Ranking Shows Energy Execs Earn Big Bucks

Archie W. Dunham, chairman and CEO of Conoco Inc., is the highest paid executive of all the energy companies either headquartered in Houston, TX, or with a significant local presence there, according an annual ranking by the Houston Chronicle that was released last week.

Dunham earns $4.6 million in annual salary and cash bonus, but after you add in long-term incentives - such as perks, option grants, and other payments - his total compensation comes to about $24.9 million. The majority of the amount is in stock options, while some is in the form of additional contributions to retirement savings plans and perks such as company cars.

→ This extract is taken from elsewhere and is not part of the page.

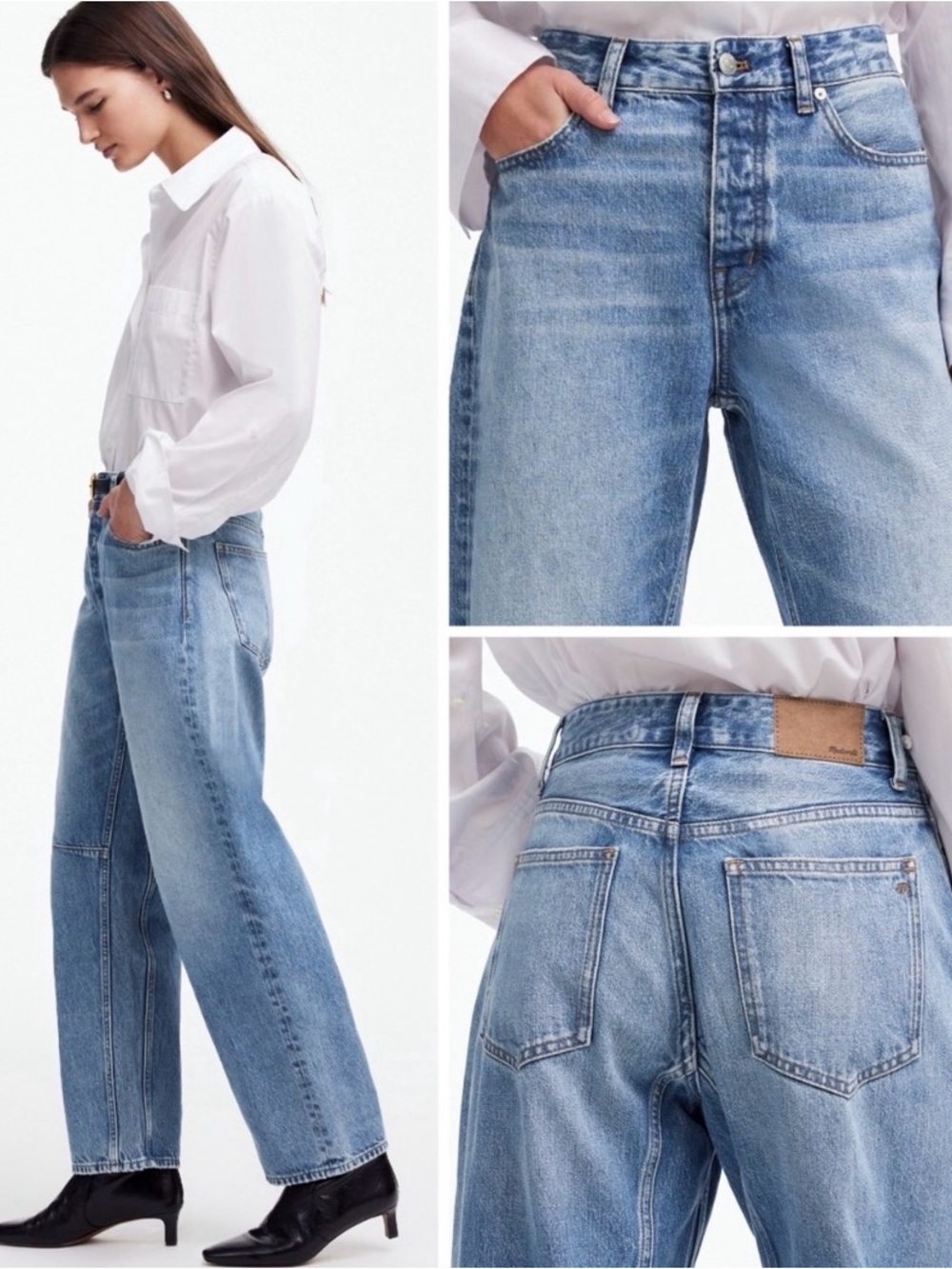 Madewell Darted Barrel-Leg Jeans 26 Dobbins Wash NR527 100% Cotton Denim Trendy - Picture 4 of 9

Although his is a salary that most of us just dream of, Dunham wasn't the top paid executive in Houston. Rather, he came in fourth in a ranking of the 100 highest paid executives in all industries in the city. Dunham was immediately followed by Chuck Watson, chairman and CEO of Dynegy Inc., whose annual salary (plus bonus) was reported to be $5.3 million But his total compensation skyrockets to $23.2 million after all the add-ons were attached, according to Chronicle ranking.

Next in line was Kenneth Lay, chairman and CEO of Enron Corp., who grosses $5.2 million in annual salary and cash bonus. However, once the stock options, perks, and other payments are included, his annual compensation shoots up to around $21.2 million.

William Wise, president and CEO of El Paso Energy, was rated the eighth highest paid executive in the city. His annual salary and cash bonus add up to about $4 million. But when the extra add-ons are tallied - including restricted stock awards - his total compensation is $20.2 million. Wise is one of the few energy executives to receive this added perk.

Jeffrey Skilling, president and COO of Enron, finished 12th in the Chronicle ranking, earning $3.85 million in annual salary and bonus. But after factoring in stock options, perks and other payments, his compensation amounted to a tidy $$16.7 million. Listed 15th was Stephen Bergstrom, president and COO of Dynegy, raking in $14.6 million in compensation.

Of the 100 executives rated, the lowest paid energy executive was Bobby S. Shackouls, chairman and CEO of Burlington Resources, according to the Chronicle. But even though he was ranked near the bottom (at 97th), that doesn't exactly qualify him for food stamps. His annual compensation was estimated at $2.65 million after the perks, restricted stock awards, option grants and other payments were accounted for.